Task directions
Begin at the line that holds "Woman Gets A" and copy each line exactly until the data below ends, including that last line but no pictures.

--- Records supplied Enclosed Below ---

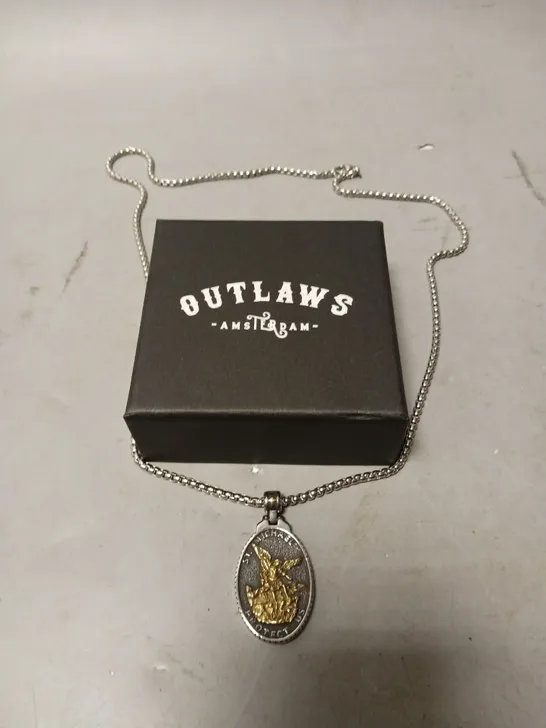 BOXED ST. MICHAELS BADGE. - NECKLACE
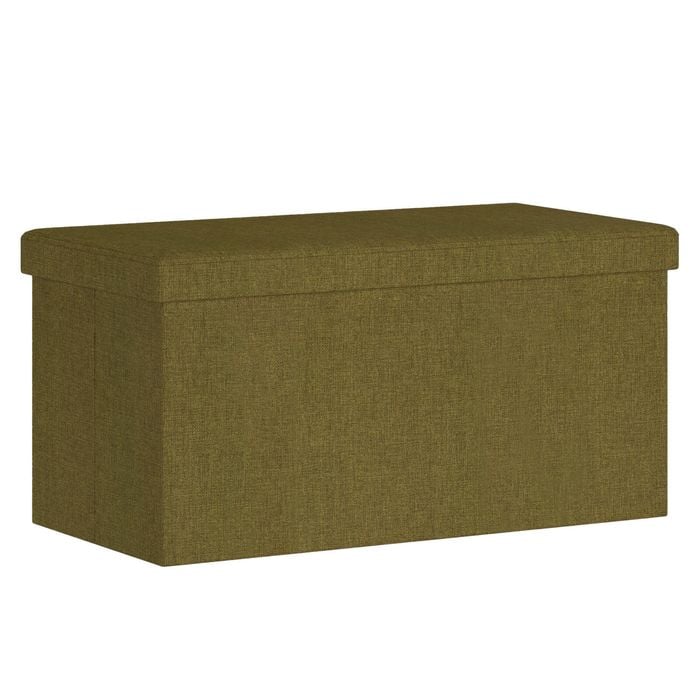 Flexi Storage Living 760 x 380 x 380mm Burnt Olive Non-Woven Linen Ottoman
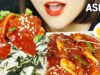 ASMR SPICY RAW SALMON 매콤달콤 연어장 辛いサーモン(EATING SOUNDS)MUKBANG REAL SOUNDS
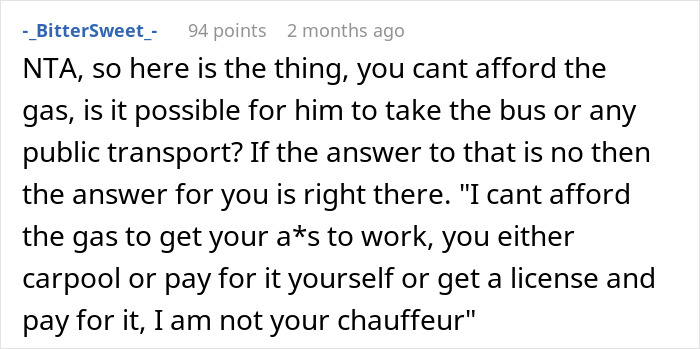 Woman Gets A Reality Check About Her &lsquo;Loser&rsquo; Boyfriend Online After Asking Him To Pay For Gas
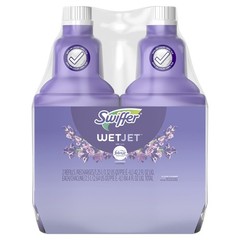 Swiffer WetJet Multi-Purpose Floor Cleaner Solution with Febreze Refill, Hardwoo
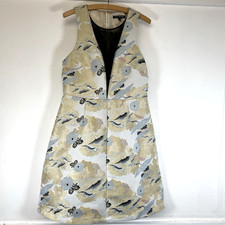 Next Jacquard A Line Blue &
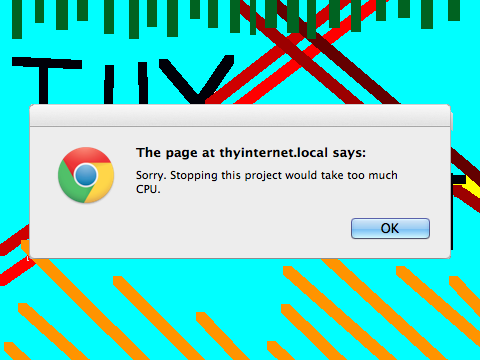 Thy internet on thy internet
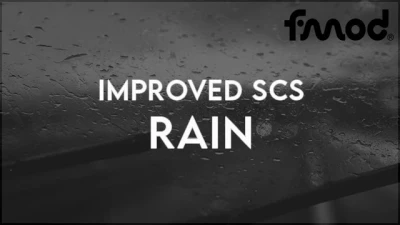 Improved SCS Rain v0.22 ETS2 1.45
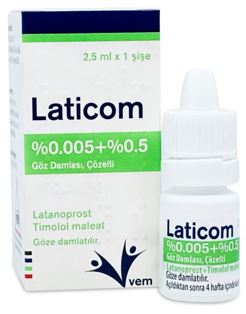 LATICOM %0.005 + %0.5 GOZ DAMLASI, COZELTI 1 LATICOM 0.005 0.5 GOZ DAMLASI COZELTI 22884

--- End of Enclosed Records supplied ---

Solution to the problem
 Woman Gets A Reality Check About Her &lsquo;Loser&rsquo; Boyfriend Online After Asking Him To Pay For Gas
 Swiffer WetJet Multi-Purpose Floor Cleaner Solution with Febreze Refill, Hardwoo
 Next Jacquard A Line Blue &
 Thy internet on thy internet
 Improved SCS Rain v0.22 ETS2 1.45
 LATICOM %0.005 + %0.5 GOZ DAMLASI, COZELTI 1 LATICOM 0.005 0.5 GOZ DAMLASI COZELTI 22884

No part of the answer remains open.